The best raw performance achieved, with two hours of training on CPU, is an incredible 0.3 . With this accuracy,
predictions can not just be made but also relied on.
To# ensure that those outputs (at a loss of 0.25) are not pure bogus, the first list in the last list of lists seen in
the example notebook was fed into google
maps.
With the console showing the time difference (in minutes) between start and end, and the map showing start and end points
as well as the expected time to get from one point to another.
While 49 minutes instead of 34 minutes does seem a little far-fetched, you can't know what the used did between those stops.
Visualizing the generated data shows that decent geolocation data can be generated as well as more-or-less accurate
timestamps, implying that real-world application is possible.
As this model can be used to accurately predict where a person will go, just by knowing when and where they started their trip, nextbike could give an incentive to people to move towards the approximated destination of the current driver, making this system more peer-to-peer and less station-based. This would further improve the downtime statistics and therefore improve the overall efficiency of the entire company.
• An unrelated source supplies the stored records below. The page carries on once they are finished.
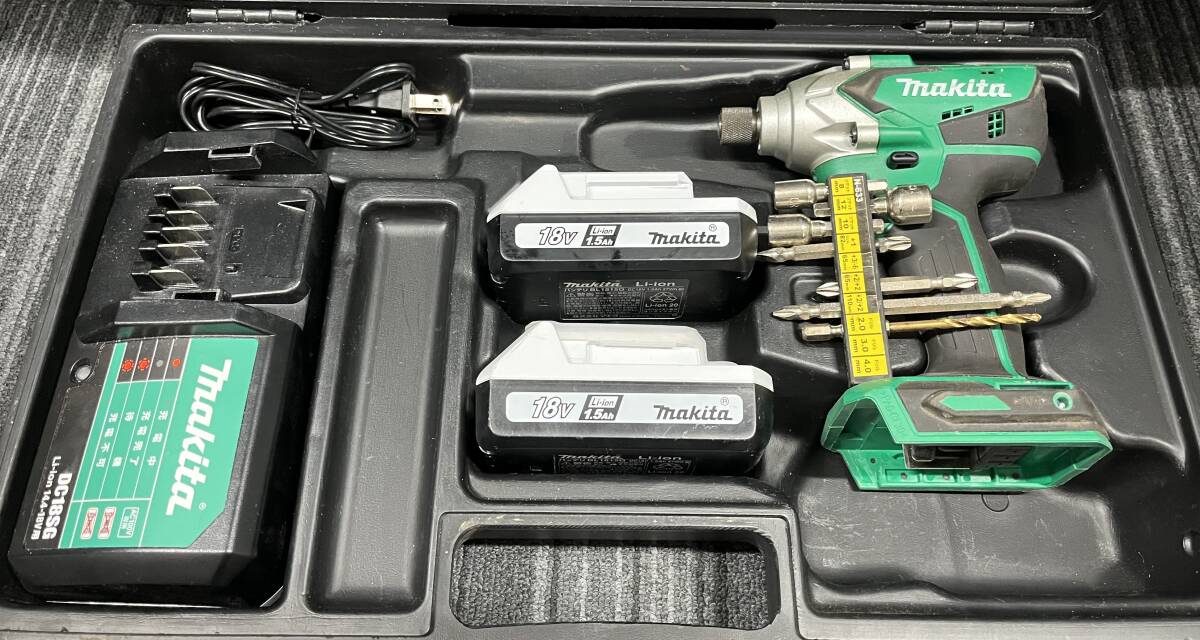 makita マキタ 充電式インパクトドライバー M698DSX バッテリ2個 充電器付 通電確認済 電動工具 注目99円スタート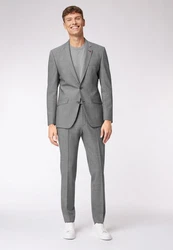 Roy Robson Hosenanzug Coloured Suit Slim Fit Grau/Hellgrau/Dunkelgrau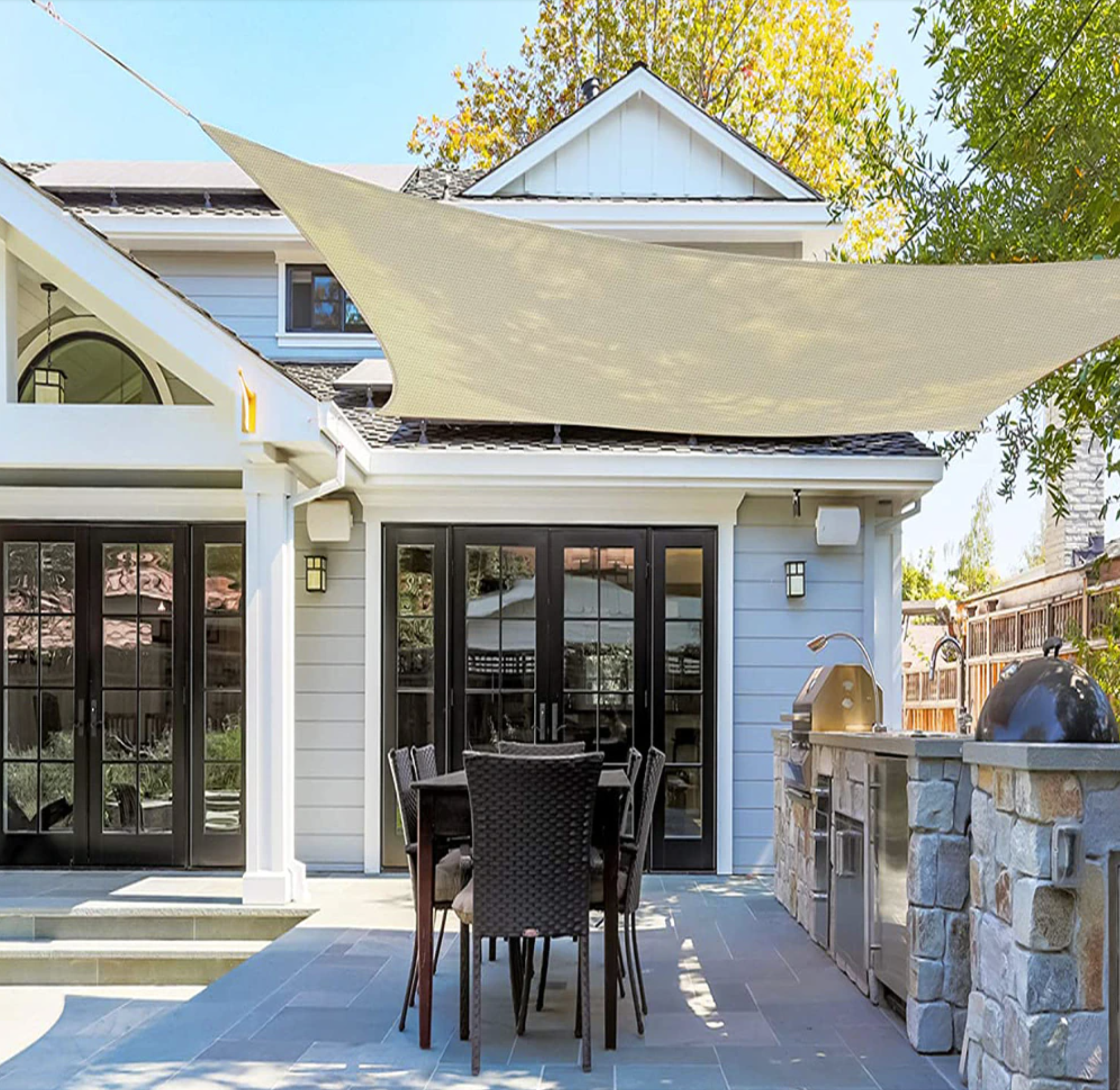 Zarreti Luxe Shade Sail | Water-Repellent & Protective, Decorative for Your Balcony or Terrace!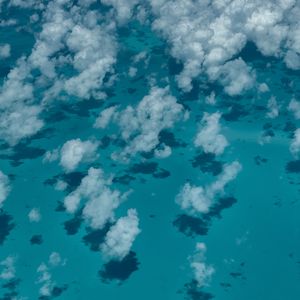 Preview wallpaper clouds, ocean, water, aerial view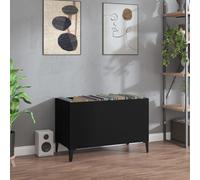 Armoire à Disques Meuble de Rangement pour Vinyles Bois d'Ingénierie vidaXL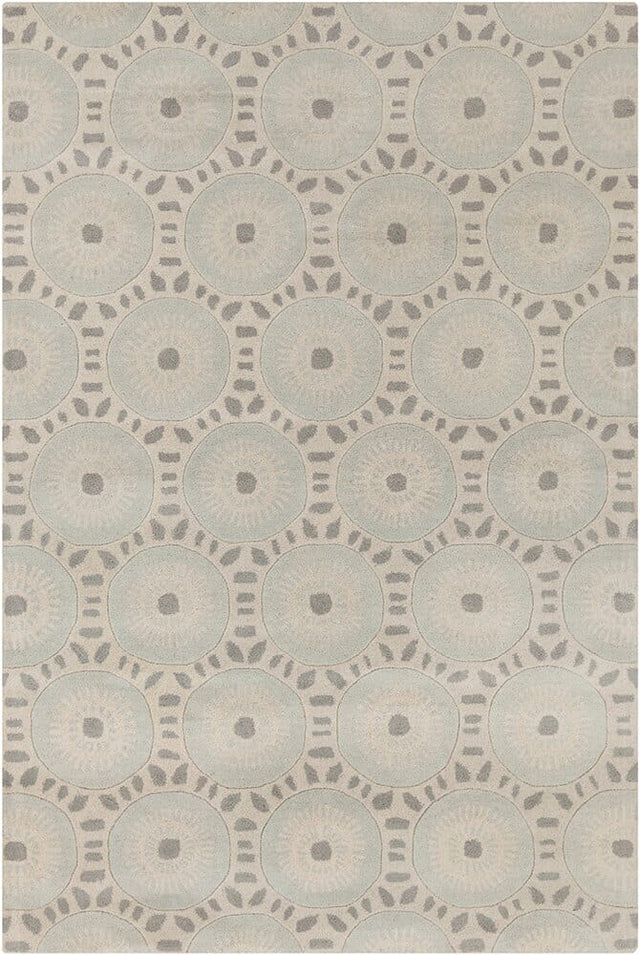 Chandra Allie All195 Cream / Grey Rugs.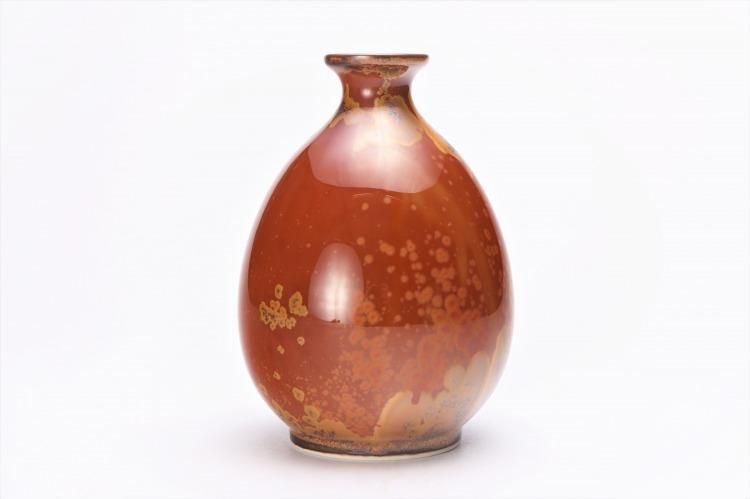 特別オファー 真右ェ門窯 金華紋 半酒器(木箱付) 工芸品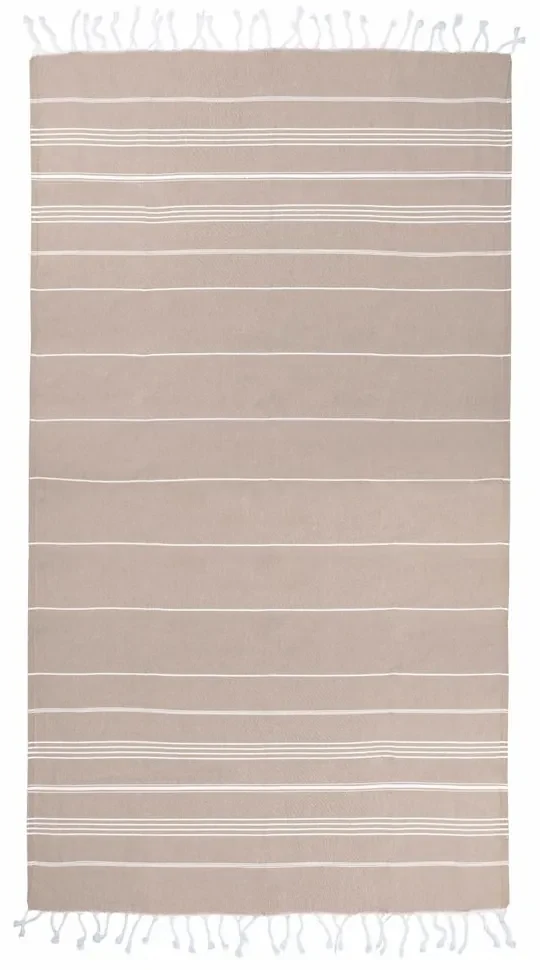 The One Towelling Plážová osuška Hamam Sultan - Čierna / biela | 100 x 180 cm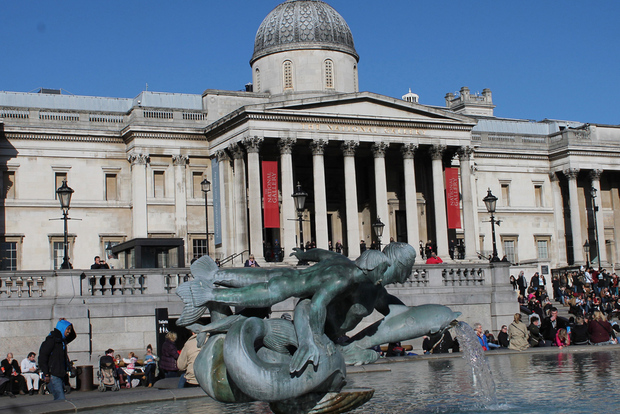 London: Smartphone Heritage Walks Trafalgar Square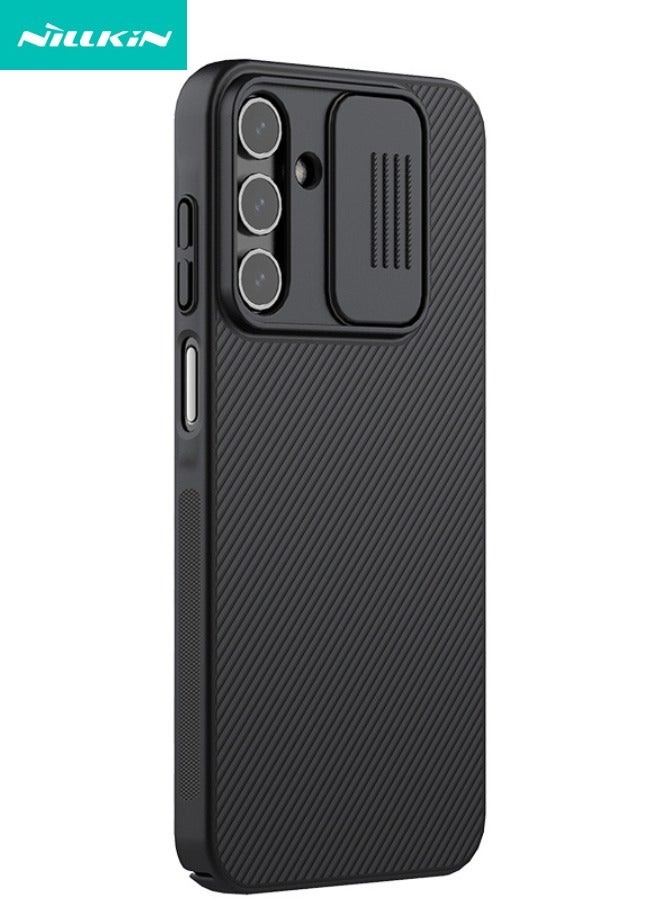 Nillkin Samsung Galaxy A16 Case, Slide Camera Case Design, 360° Full Body Coverage Shockproof Phone Back Cover, Anti-Fall Anti-Scratch Anti-Slip Anti-fingerprint Protective Case for Samsung Galaxy A16, Black - Image 1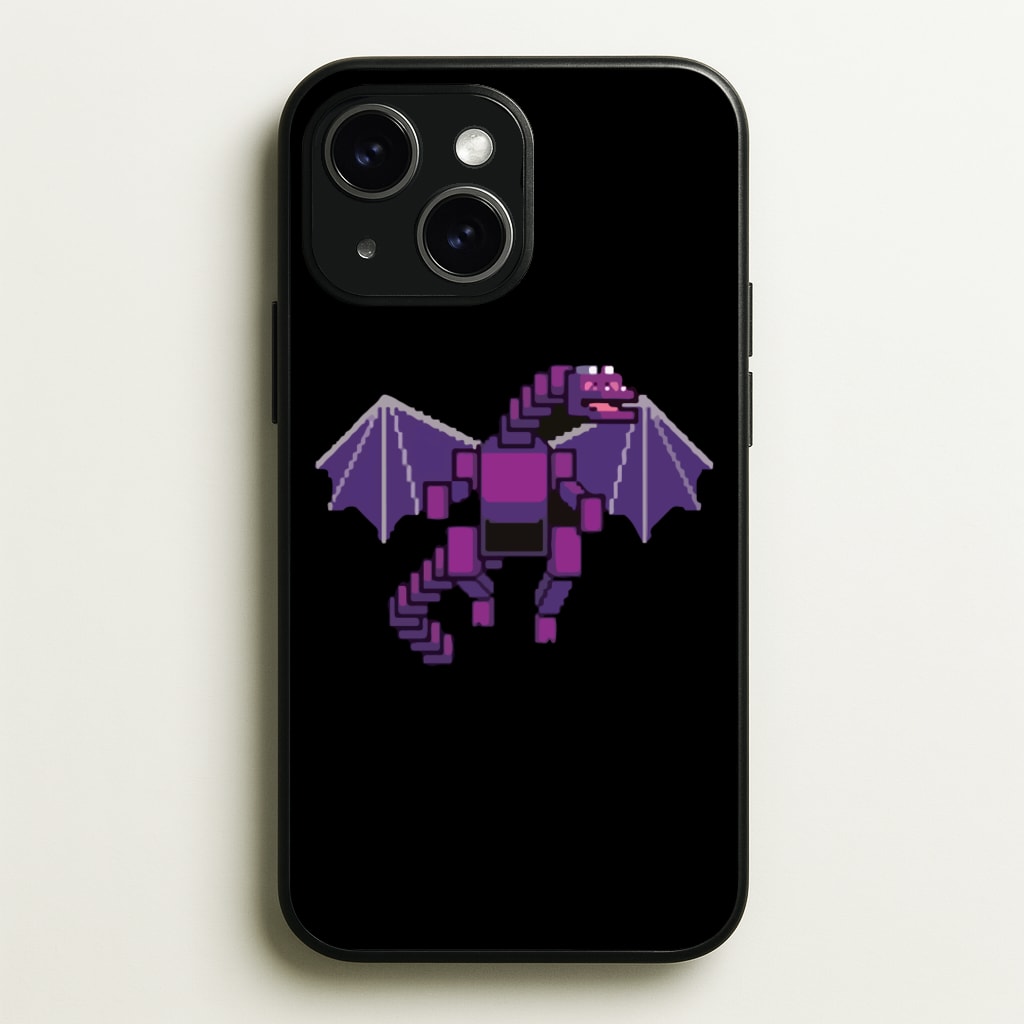 Ender Dragon - Minecraft Phone Case for iPhone 15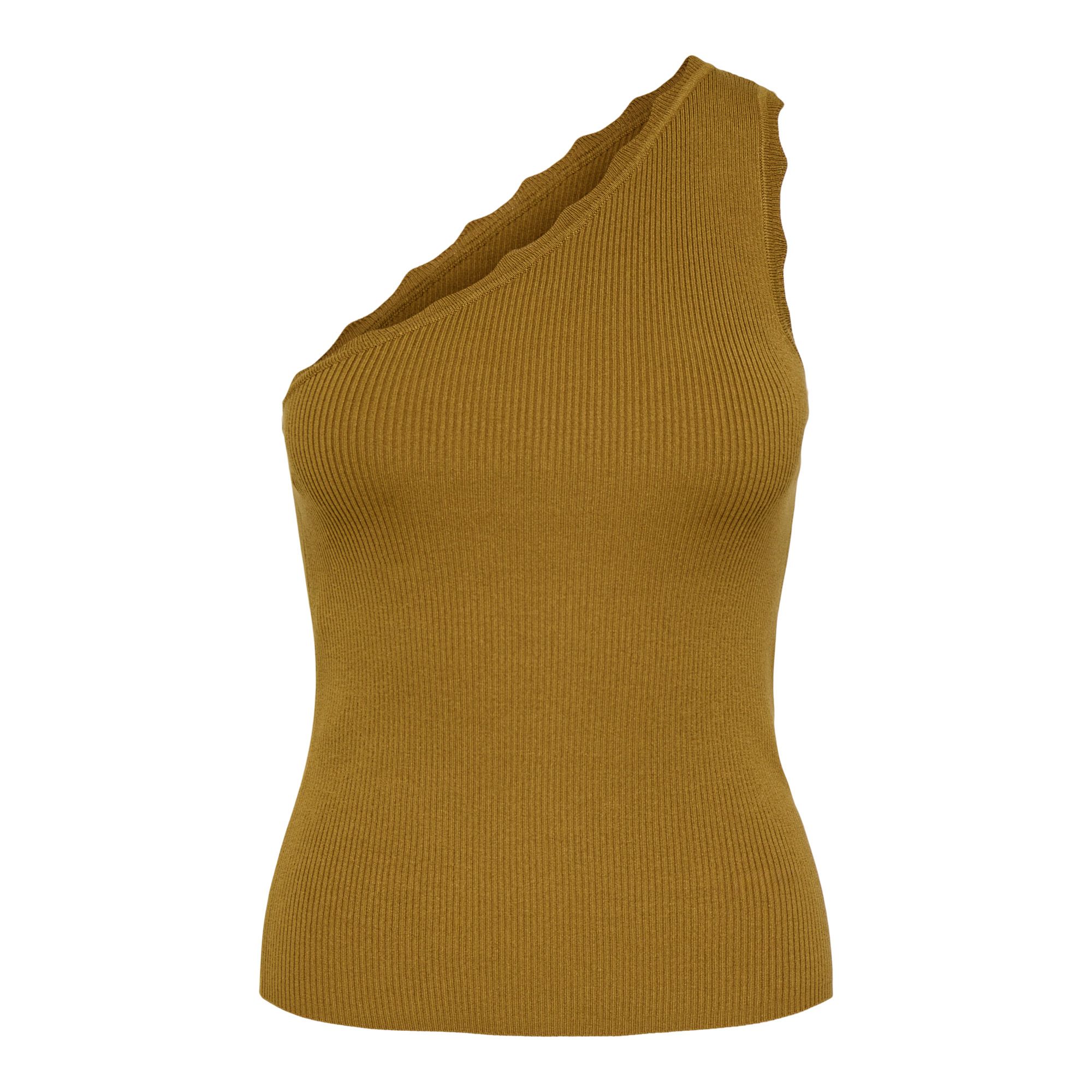 JDY Lou SL Oneshoulder Scallop Top Dames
Jelbi could build around such a system by enriching it with their station. As you already know where the ride will end before it actually does, it would be possible to reinforce the incentive of stopping by a station rather than dropping the bike off at their home. Additionally some form of "bike-juicer" could become popular if there is financial incentive to be at the estimated end at the predicted time to take the bike and move it back to a station. This would significantly simplify the lives of many people without being intrusive, almost ensuring a success.
Since this system can be expanded to e-scooters and any piece of technology, it's possible to accurately estimate the battery usage as well as the route of the trip. Using this information, one can drop the user a hint, pointing towards the nearest swobbee station, so that they can quickly change their battery, without having to wait for the scooter to charge up again or even leaving the ecosystem entirely in favour of a taxi.